With that in mind, Maryland sued 3M in May 2023 for PFAS contamination and damage to state waterways and wildlife. But the state filed two suits — one for PFAS contamination and a second specifically for AFFF contamination. South Carolina followed suit a short while later with a similar two-track strategy, separately targeting PFAS and AFFF.
In their petition to the Supreme Court, the states said South Carolina’s PFAS suit “expressly excludes” AFFF and that the state was “not seeking to recover through this Complaint any relief for contamination or injury related to AFFF or AFFF products used at airports, military bases, or certain industrial locations.”
Likewise Maryland said its PFAS lawsuit “does not … seek any remediation, restoration, damages, or any other relief related to any PFAS contamination caused by AFFF or fluorosurfactants when used as ingredients of AFFF. The State’s claims with respect to AFFF are the subject of a separate action.”
3M quickly moved to have the AFFF lawsuits removed to federal court under the federal officer removal statute. It says “a private defendant may remove a state-court case ‘relating to any act’ the defendant took under the federal government’s direction.”
But 3M also said the PFAS suits should be removed to federal court, since it would be impossible to determine if contamination came from a consumer use of PFAS or from AFFF that was produced at the direction of the government. The states had filed “nearly identical suits,” but split them in two to avoid federal jurisdiction on one, the company said.
U.S. District Courts in each state agreed with the states, and ordered the PFAS cases back to state courts in Maryland and South Carolina for hearing. But the 4th U.S. Circuit Court of Appeals, which combined the South Carolina and Maryland cases, disagreed.
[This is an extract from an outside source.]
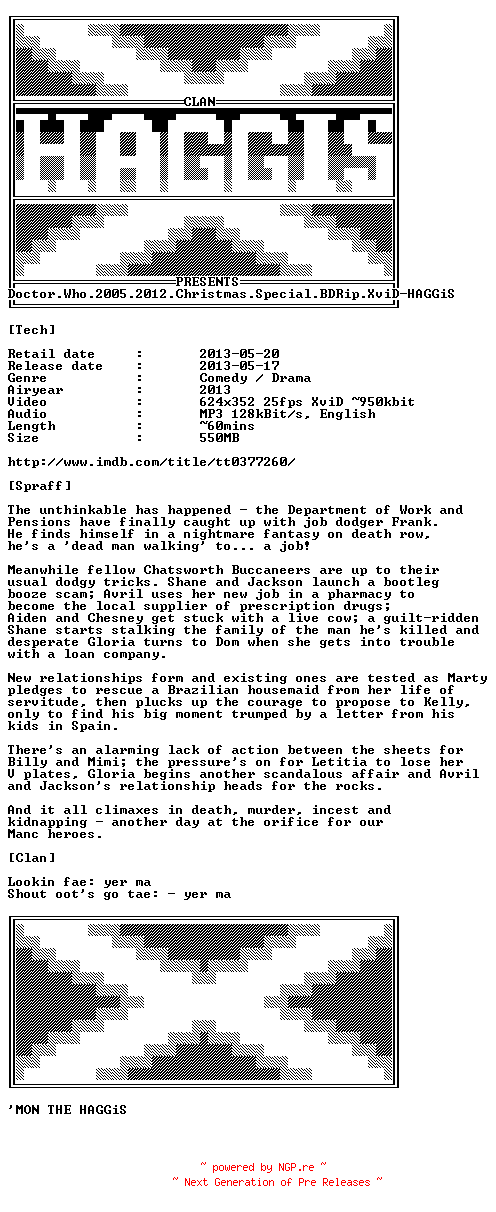 NFO for the release Doctor.Who.2005.2012.Christmas.Special.BDRip.XviD-HAGGiS by HAGGiS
In a dissent, Circuit Judge Henry Floyd said 3M’s argument was too tenuous to justify federal jurisdiction, and that the majority’s ruling risked sweeping lawsuits “properly before state courts” into the federal system.
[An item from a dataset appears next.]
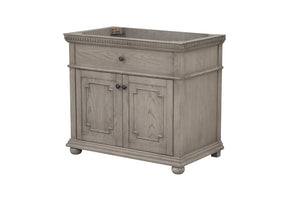 English Elm 36 Inch Bathroom Vanity Base with Dentil Moulding Solid Wood Traditional Cabinet B2772P525588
“In this case, 3M seeks to remove a claim seeking recovery for pollution from products made for and sold on the consumer market; the majority concludes that the causal nexus is satisfied because the resulting pollutants are commingled in the environment. I believe that this connection is too tenuous to support removal,” Floyd wrote.
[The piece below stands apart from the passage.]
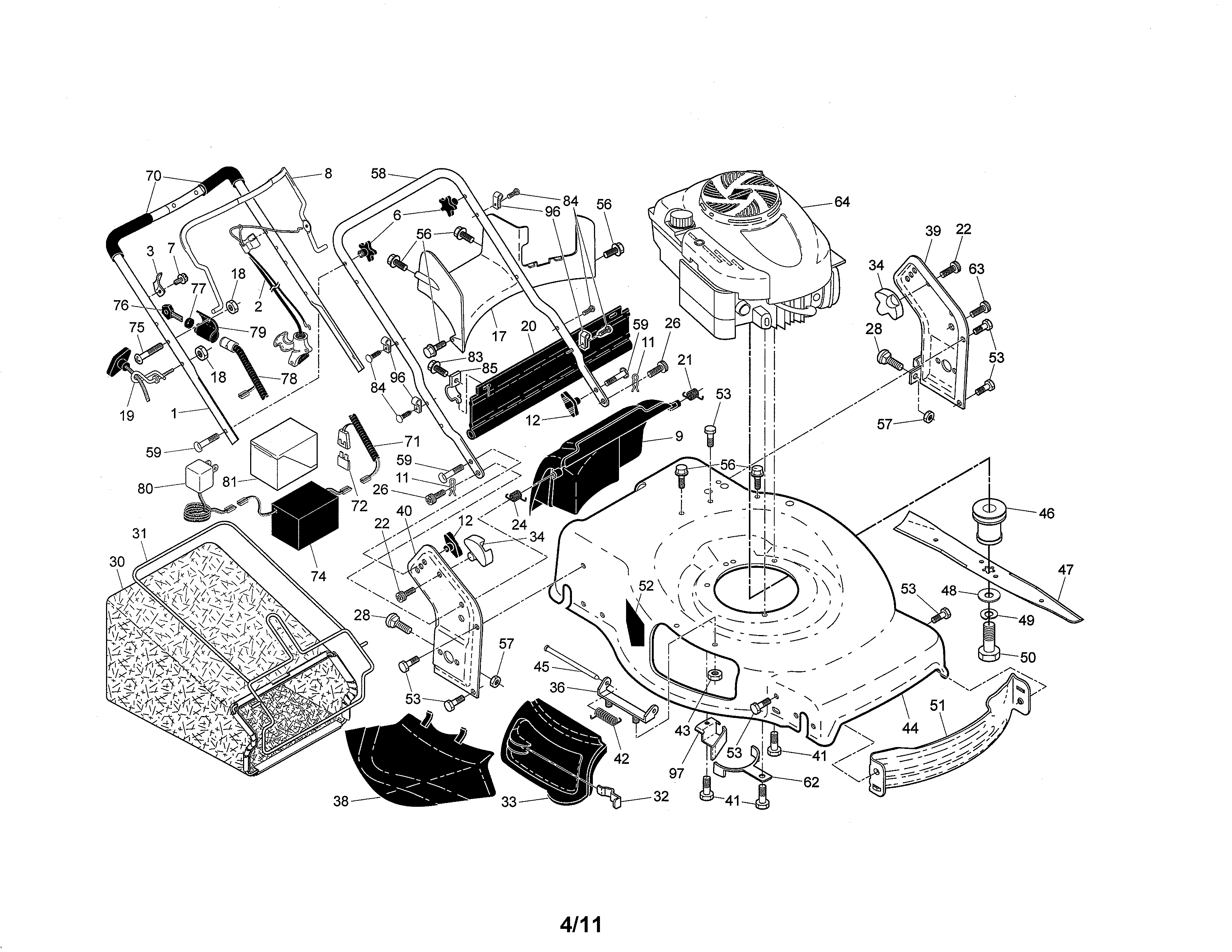Engine/housing/handle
“As I see it, the court reads the nexus requirement so broadly as to move toward foreclosing state courtrooms to plaintiffs bringing state-law claims against defendants, when those defendants in turn identify even the slightest connection between the claims at issue at work they have performed as government contractors,” he said in dissent. “Given what I see as the scant connection shown between 3M’s production of consumer products and its AFFF production, I would trust the courts of Maryland and South Carolina to hear these cases and ensure any liability is apportioned properly.”
The Maryland Attorney General‘s Office declined to comment on the Supreme Court’s decision to let the 4th Circuit ruling stand. Requests for comment from 3M were not returned.